Small swing, big sweep

Published : May 26, 2001 00:00 IST

An unpopular government costs the Left Democratic Front this round of Assembly elections.

THE extent of the Congress(I)-led United Democratic Front's (UDF) sweep in Kerala was so great that it is hard to believe that it was caused by a small swing in voter preference in percentage terms. A shift of a little over 3 per cent of the votes from the ruling Left Democratic Front (LDF) resulted in the biggest victory for any Front in Kerala in the last two decades. In any other State, such a tiny loss of vote for the ruling party would have been considered something of an achievement for it. But Kerala is different. The votes are highly polarised and the two alliances evenly matched. More than 10 seats changed hands with the swing of a mere 1 per cent of the votes. In the 1996 Assembly elections, the LDF won with a lead of just 1 per cent of the vote-share over the UDF. This time the UDF has a lead of a little over 5 per cent. Thus a change of 6 per cent, or a 'swing' of 3 per cent, caused a big wave.

This swing had a staggering effect, giving the UDF 99 seats (actually 100, if one adds the lone independent winner, a Congress(I) rebel, who is sure to return 'home') in a 140-member House. The UDF retained all but five of the 59 seats it had won last time. But the LDF lost 35 of its 80 seats to the UDF.

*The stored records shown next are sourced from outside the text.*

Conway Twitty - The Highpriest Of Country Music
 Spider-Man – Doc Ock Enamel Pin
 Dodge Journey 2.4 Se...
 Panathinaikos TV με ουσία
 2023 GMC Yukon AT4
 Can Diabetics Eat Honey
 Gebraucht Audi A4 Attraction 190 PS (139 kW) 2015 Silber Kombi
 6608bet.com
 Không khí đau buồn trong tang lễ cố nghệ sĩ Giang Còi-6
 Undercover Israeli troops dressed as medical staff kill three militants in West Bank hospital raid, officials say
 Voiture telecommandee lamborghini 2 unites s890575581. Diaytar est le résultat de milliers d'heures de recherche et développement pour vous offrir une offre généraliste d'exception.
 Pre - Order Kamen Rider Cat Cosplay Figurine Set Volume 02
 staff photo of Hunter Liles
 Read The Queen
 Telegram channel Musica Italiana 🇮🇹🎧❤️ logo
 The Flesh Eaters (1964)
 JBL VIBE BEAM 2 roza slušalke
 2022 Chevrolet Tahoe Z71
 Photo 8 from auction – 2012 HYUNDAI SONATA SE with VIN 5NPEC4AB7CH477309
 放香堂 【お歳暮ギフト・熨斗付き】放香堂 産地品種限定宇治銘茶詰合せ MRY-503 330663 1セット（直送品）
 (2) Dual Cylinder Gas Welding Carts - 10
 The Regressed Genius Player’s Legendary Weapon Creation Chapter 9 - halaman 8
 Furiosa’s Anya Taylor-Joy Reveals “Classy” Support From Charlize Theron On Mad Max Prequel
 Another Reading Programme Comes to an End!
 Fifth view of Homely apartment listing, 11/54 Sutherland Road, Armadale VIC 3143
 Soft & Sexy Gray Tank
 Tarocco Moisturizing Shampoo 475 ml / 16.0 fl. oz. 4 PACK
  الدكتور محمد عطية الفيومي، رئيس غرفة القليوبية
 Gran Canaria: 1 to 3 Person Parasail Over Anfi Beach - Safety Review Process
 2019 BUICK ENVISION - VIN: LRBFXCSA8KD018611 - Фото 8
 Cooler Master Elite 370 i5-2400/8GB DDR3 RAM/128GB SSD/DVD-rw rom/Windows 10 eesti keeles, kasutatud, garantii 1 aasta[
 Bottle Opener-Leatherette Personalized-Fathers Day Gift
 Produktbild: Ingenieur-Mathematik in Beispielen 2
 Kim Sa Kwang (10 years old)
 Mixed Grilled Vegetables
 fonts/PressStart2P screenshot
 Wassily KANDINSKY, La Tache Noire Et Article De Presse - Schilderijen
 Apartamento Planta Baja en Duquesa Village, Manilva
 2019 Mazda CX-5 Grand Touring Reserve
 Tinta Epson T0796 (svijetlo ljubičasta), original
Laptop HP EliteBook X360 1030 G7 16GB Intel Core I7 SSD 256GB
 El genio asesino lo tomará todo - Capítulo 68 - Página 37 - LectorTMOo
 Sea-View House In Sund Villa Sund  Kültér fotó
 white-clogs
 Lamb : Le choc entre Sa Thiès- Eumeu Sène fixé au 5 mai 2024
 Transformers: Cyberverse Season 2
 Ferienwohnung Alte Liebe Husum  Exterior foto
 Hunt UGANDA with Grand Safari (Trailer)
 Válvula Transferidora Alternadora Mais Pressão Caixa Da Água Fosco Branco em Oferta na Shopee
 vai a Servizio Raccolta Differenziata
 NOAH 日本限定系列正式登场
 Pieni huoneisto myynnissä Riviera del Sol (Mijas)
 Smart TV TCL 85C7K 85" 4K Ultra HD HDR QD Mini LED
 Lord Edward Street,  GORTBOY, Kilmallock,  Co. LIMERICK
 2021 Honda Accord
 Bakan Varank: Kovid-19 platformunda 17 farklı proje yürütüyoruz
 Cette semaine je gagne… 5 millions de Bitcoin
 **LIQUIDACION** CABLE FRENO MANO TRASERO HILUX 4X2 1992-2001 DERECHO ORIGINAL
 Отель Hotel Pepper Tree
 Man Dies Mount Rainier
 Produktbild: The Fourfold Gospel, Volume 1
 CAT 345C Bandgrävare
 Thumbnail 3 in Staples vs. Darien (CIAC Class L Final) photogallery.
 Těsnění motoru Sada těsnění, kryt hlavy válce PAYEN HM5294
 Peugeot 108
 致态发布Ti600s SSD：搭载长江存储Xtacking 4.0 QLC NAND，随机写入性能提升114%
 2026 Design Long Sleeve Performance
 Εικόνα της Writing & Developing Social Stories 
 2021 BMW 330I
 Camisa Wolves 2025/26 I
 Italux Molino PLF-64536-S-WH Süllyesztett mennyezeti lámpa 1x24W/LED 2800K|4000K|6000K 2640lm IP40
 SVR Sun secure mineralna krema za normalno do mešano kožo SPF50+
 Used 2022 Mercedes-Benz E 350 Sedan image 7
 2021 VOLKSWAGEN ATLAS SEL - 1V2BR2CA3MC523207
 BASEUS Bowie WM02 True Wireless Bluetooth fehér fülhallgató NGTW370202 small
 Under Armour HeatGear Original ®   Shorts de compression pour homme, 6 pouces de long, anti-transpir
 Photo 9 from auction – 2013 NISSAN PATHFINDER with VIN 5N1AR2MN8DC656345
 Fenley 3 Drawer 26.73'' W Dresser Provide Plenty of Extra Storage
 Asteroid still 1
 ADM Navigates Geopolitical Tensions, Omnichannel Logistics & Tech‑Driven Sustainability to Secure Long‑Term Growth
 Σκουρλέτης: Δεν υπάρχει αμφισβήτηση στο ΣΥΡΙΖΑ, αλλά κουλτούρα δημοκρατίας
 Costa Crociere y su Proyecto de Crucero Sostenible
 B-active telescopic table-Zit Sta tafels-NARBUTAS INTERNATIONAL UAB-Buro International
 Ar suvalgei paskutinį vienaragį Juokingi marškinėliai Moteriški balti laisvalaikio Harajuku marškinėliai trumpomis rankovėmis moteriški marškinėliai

The vote swing was evenly spread across the State, and the LDF lost seats in all districts except Kasaragod. It was in this northernmost district that the Bharatiya Janata Party had hoped to open its account. The party finished second in the Manjeshwaram constituency in this district in the last three Assembly elections. Its candidate, State president C.K. Padmanabhan, lost this time too. The BJP secured 5 per cent of the votes in the State, about half a percentage point less than what it got last time.

The UDF emerged a clear winner in all the three regions of the State. Malabar in the north, with a substantial population of Muslims, is the only region where the Left managed to retain its traditional strongholds (in Kannur and Kozhikode districts). The UDF once again swept Malappuram district, which has a numerically dominant Muslim population.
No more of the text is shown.